When electricity first became important to businesses, looking after it was a full-time job.

“A hundred years ago, most companies had a vice president of electricity, because it was a new thing, but then we got out of the market for that,” Microsoft’s executive VP for cloud and enterprise Scott Guthrie said while talking about the changing roles of CIOs and IT departments at a recent data and AI event at the company’s headquarters in Redmond, Washington.

He then swiftly corrected himself, adding, “I actually do have a vice president of electricity generation, because we’re one of the largest energy consumers in the world now. We have wind farms…”

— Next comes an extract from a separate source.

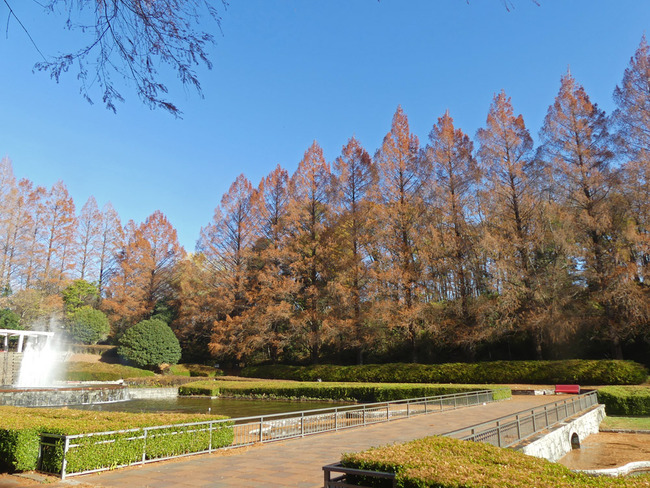 P3730211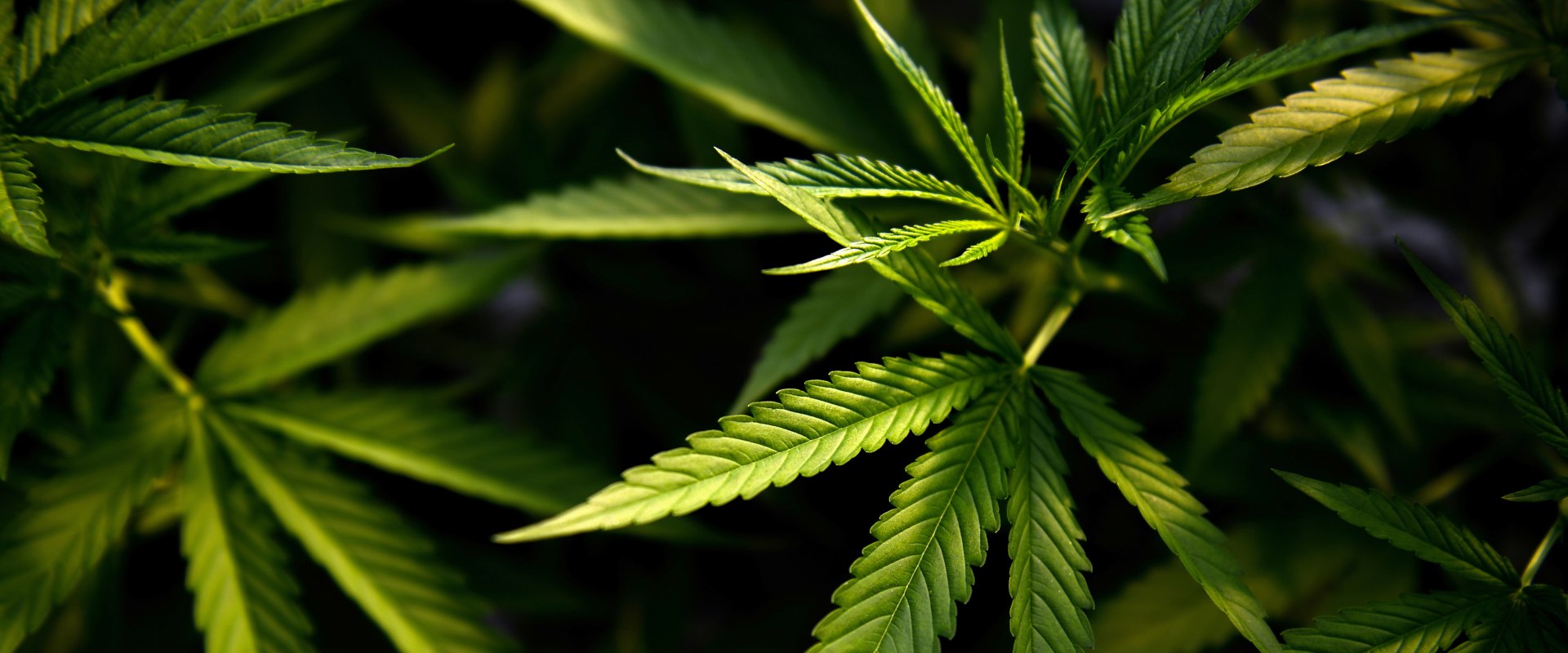 The Changing Landscape of Cannabis: Updates and Regulations for the Digital Age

Electricity generation is just one of the things he worries about in his job that he’d never expected to worry about. Another is “the rate at which concrete dries.” Along with planning permissions, getting enough power and water to the site, and getting the computing hardware delivered, the speed at which concrete dries is a real factor that has to be considered when the company rolls out a new Azure data center.

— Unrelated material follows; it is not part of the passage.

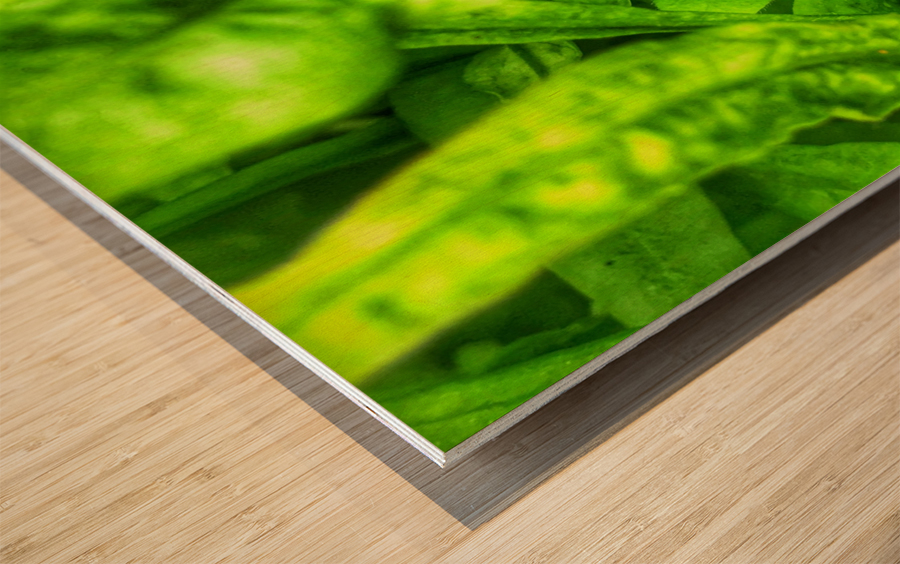 Fragile  Wood print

On the network-backbone side, the biggest problems are storms, sharks, and fishing vessels. Marea, the new transatlantic cable Microsoft built together with Facebook and Telxius, took an unusual route and was built for reasons that aren’t the most obvious. “If you look at the map, it's the most southern of all cables,” Yousef Khalidi, corporate VP for Azure Networking, said in an interview with Data Center Knowledge, meaning Marea is the southernmost of cables that link the US and Europe and land in either New York or Virginia on the US side.

Related:PHOTOS: Marea, Facebook and Microsoft's Fat Subsea Pipe to Europe

“And the reason we added it wasn't for bandwidth or latency,” he said. “We wanted a route away from all the storms that hit the north. It's actually longer given the curvature of the earth. Most cables in the US on the east coast land pretty close to NYC; this is, by design, further south, just to have a bit of redundancy.”

The storms are out in deep water. Closer to shore, there are different problems. “Sharks and fishermen are the bane of our existence,” Khalidi said. “Sharks are attracted to the magnetic field of the cables; they like to bite on them.”

Shark teeth were found in a damaged cable off the Canary Islands in 1985. Google famously reinforces its submarine cables with Kevlar. The problem seems to be that sharks detect weak electromagnetic fields using tiny electroreceptors in their snouts.

While they look like freckles, the receptors have a more imposing name of “ampullae of Lorenzini.” They’re useful for navigation – the oceans produce electrical fields as they flow through the earth’s magnetic fields – and for finding prey. Sharks might be known for sensing blood in the water, but they can also sense the weak electric fields generated by the ion exchange that takes place as fish breathe sea water and urinate.

But threats to submarine data flows aren’t always this exotic. “More often, it’s trawlers and fishing nets that snag the cables,” Khalidi complained. “The only good news is typically they snag them closer to shore, and the mean time to recovery can be shorter, but we worry about the redundancy. We had one incident a few years ago in which the same fishing trawler snapped two cables in the same day, miles apart.”